Potomkowie zmarłego w 2020 roku słynnego piłkarza Diego Maradony poprosili argentyński sąd o zgodę na przeniesienie jego ciała do powstającego mauzoleum w Buenos Aires.

REKLAMA

Słynny piłkarz zmarł w listopadzie 2020 roku w wieku 60 lat na zawał serca. Został pochowany na prywatnym cmentarzu w San Miguel.

Z wnioskiem o zmianę miejsca pochówku do sądu zwrócili się matka jego najmłodszego syna Diego Jr Veronica Ojeda oraz córki Dalma i Gianinna.

W ten sposób wszyscy Argentyńczycy i ludzie z całego świata będą mogli składać hołd naszemu ojcu, który był największym argentyńskim idolem - cytują media argumenty potomków Maradony.

Jak dodają, obecnie dostęp do jego grobu ma tylko rodzina.

Na przeniesienie zwłok konieczna jest zgoda sądu, ponieważ nadal toczy się postępowanie wobec ośmiu lekarzy opiekujących się Maradoną, oskarżanych o zaniechania mogące przyczynić się do śmierci mistrza świata z 1986 roku.

Mistrz, który przegrał z własnymi demonami

W karierze Diego Maradona - który jako kapitan poprowadził reprezentację Argentyny do mistrzostwa świata w 1986 roku i wicemistrzostwa cztery lata później - bronił barw m.in. klubów Argentinos Juniors, Boca Juniors, FC Barcelona, SSC Napoli czy Sevilla FC.

Po zakończeniu kariery zawodniczej pracował jako trener, był m.in. selekcjonerem drużyny narodowej na mundialu w Niemczech w 2006 roku.
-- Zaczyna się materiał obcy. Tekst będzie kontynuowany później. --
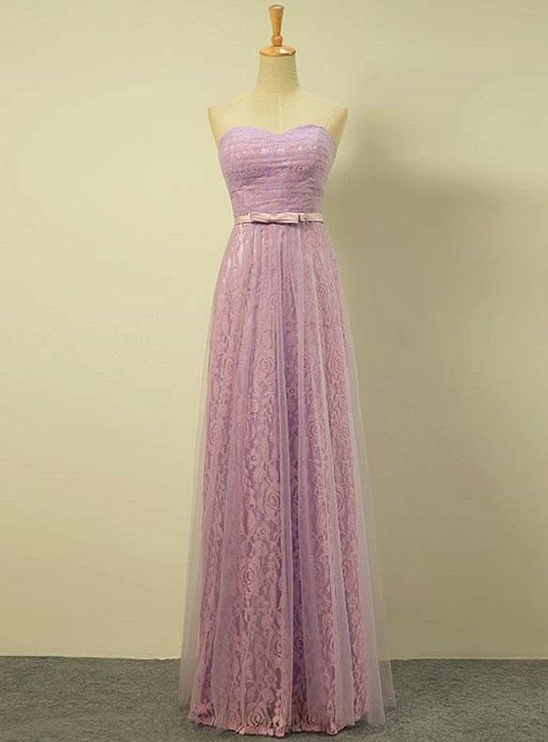 Elegant Aline Sweetheart Formal Prom Dress, Beautiful Long Prom Dress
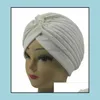 Beanie/Skl Caps Hats Hats Scarves Gloves Fashion Accessories Soft Indian Style Yoga Headwrap Cap Turban Hat Cloche Chemo Hair Er Arabian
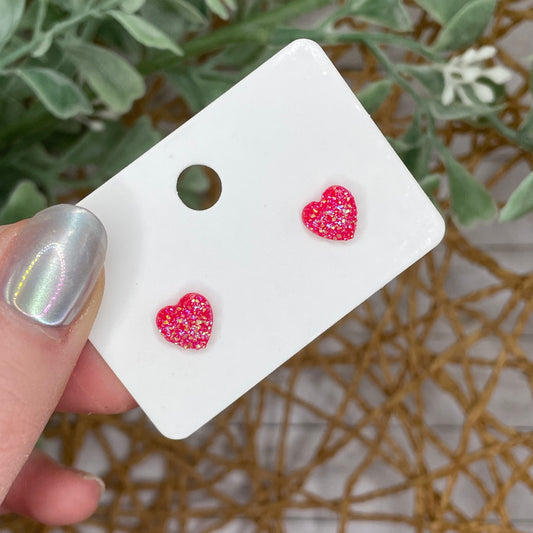 Heart Studs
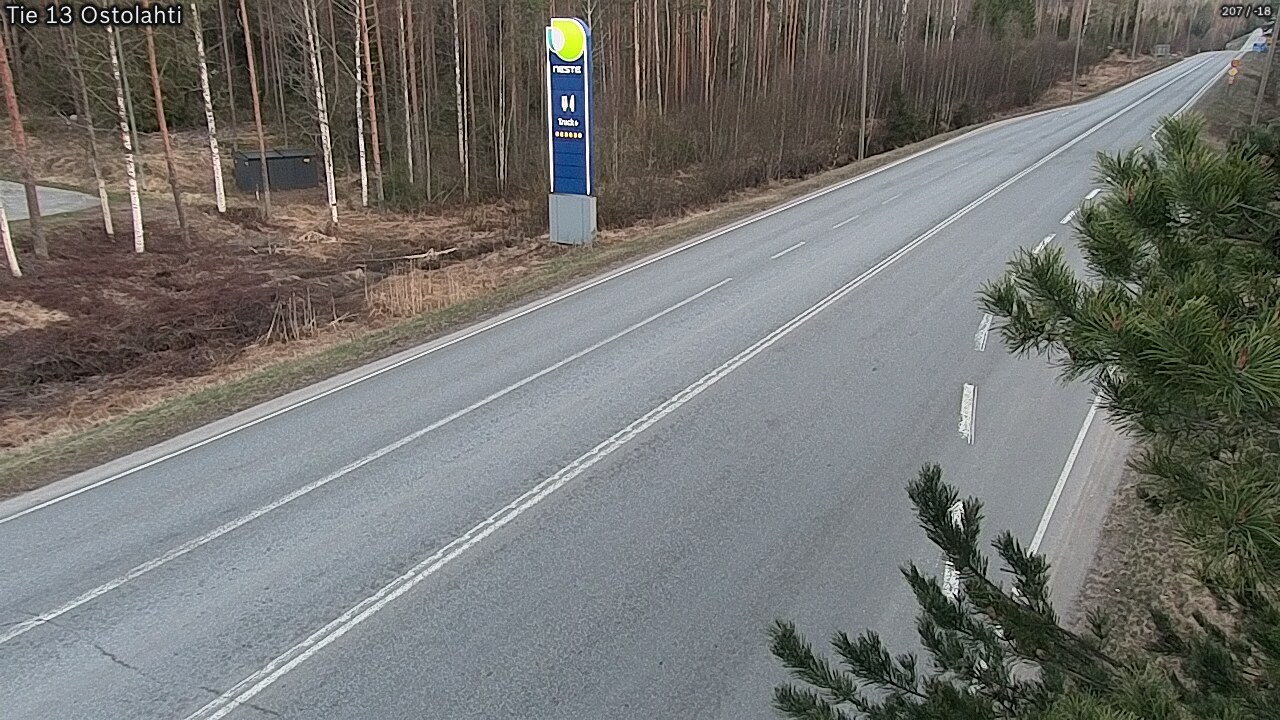 Weather Camera Image Road 13 Ostolahti, Mikkeli, Etelä-Savo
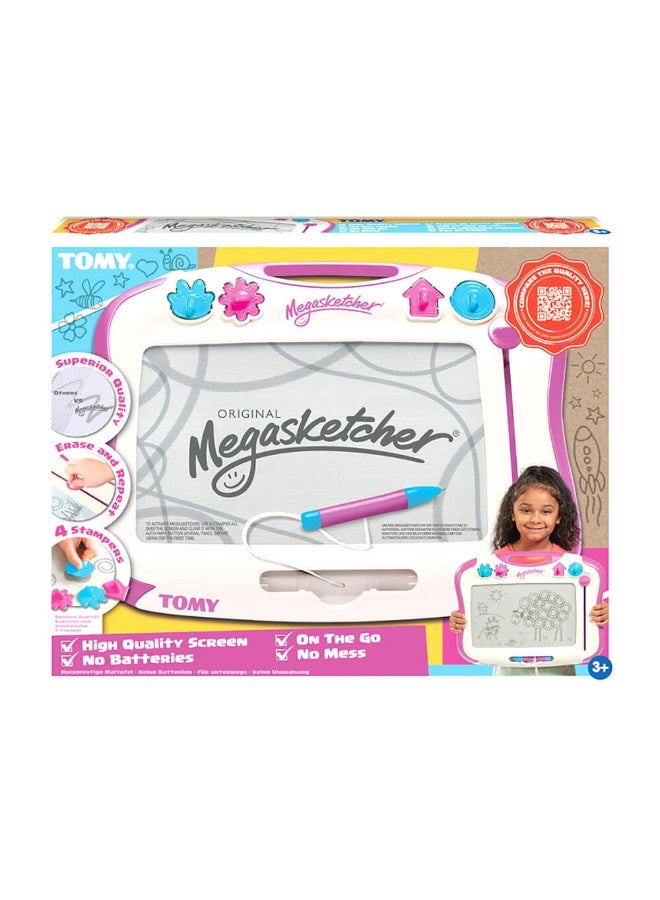 TOMY Tomy Megasketcher Classic Magnetic Drawing Board (Purple)  - Image 2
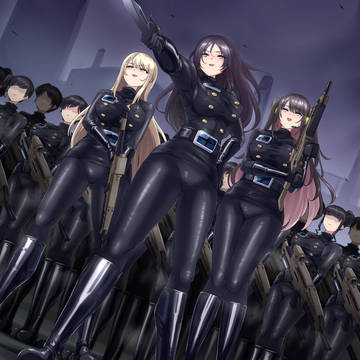 リクエスト絵 ゾルダーペギー・なずな・きゅぴ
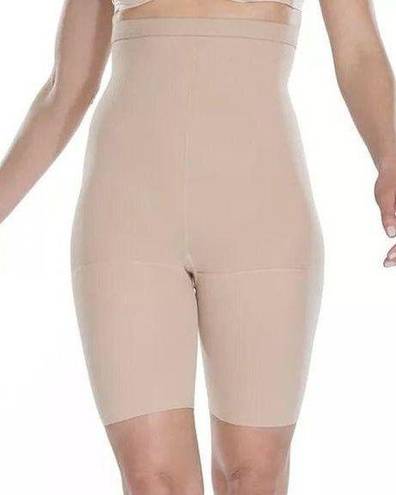 Spanx  Shapewear Women's Size A Power Panties Mid Thigh Shorts Undergarment Nude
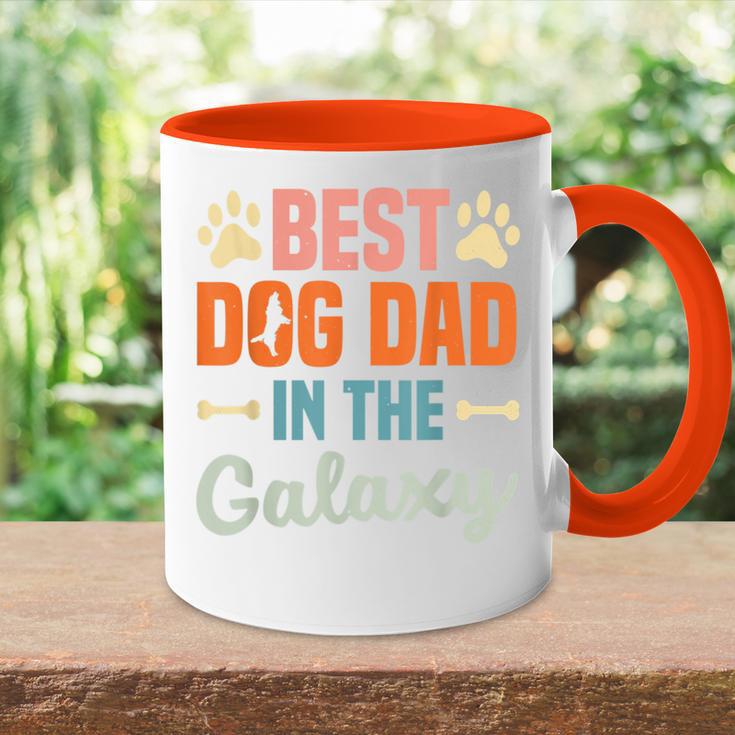 Best Dog Dad In The Galaxy –Atertag – Hundeliebende Papa Tasse Zweifarbig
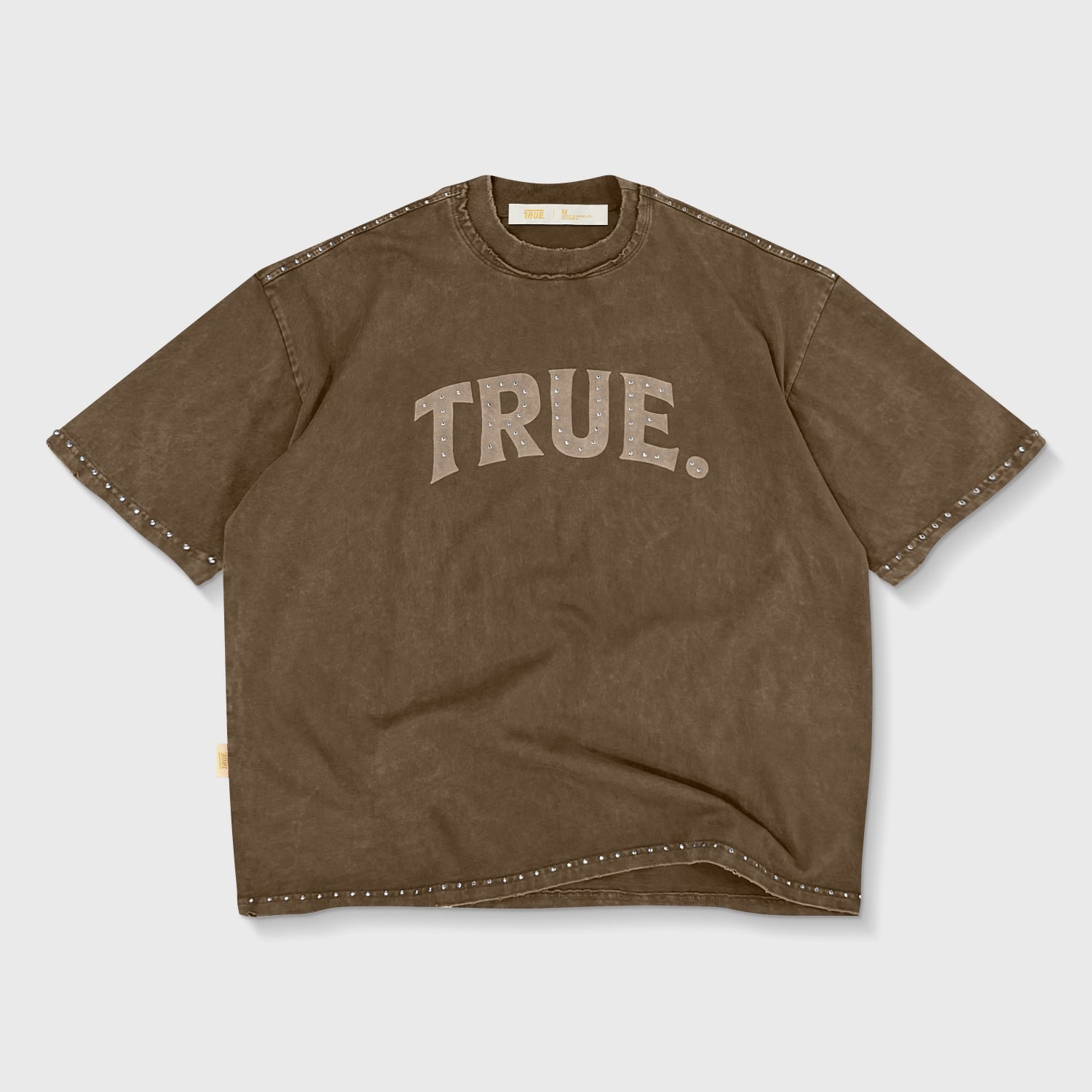 Latino Vintage Boxy Tee - Brown - imagen 1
Nie było tajemnicą uzależnienie Maradony od alkoholu i narkotyków, które stały się przyczyną jego kłopotów już w trakcie kariery zawodniczej, a od dłuższego czasu "Boski Diego" miał problemy ze zdrowiem, spowodowane wyniszczającym trybem życia, nadwagą i używkami.

Na początku listopada 2020 r. przeszedł operację mózgu po wykryciu krwiaka podtwardówkowego - do szpitala trafił jednak z objawami anemii, odwodnienia i wyczerpania organizmu oraz depresji. Klinikę opuścił po dziewięciu dniach.

Zmarł 25 listopada 2020 r. w wieku 60 lat.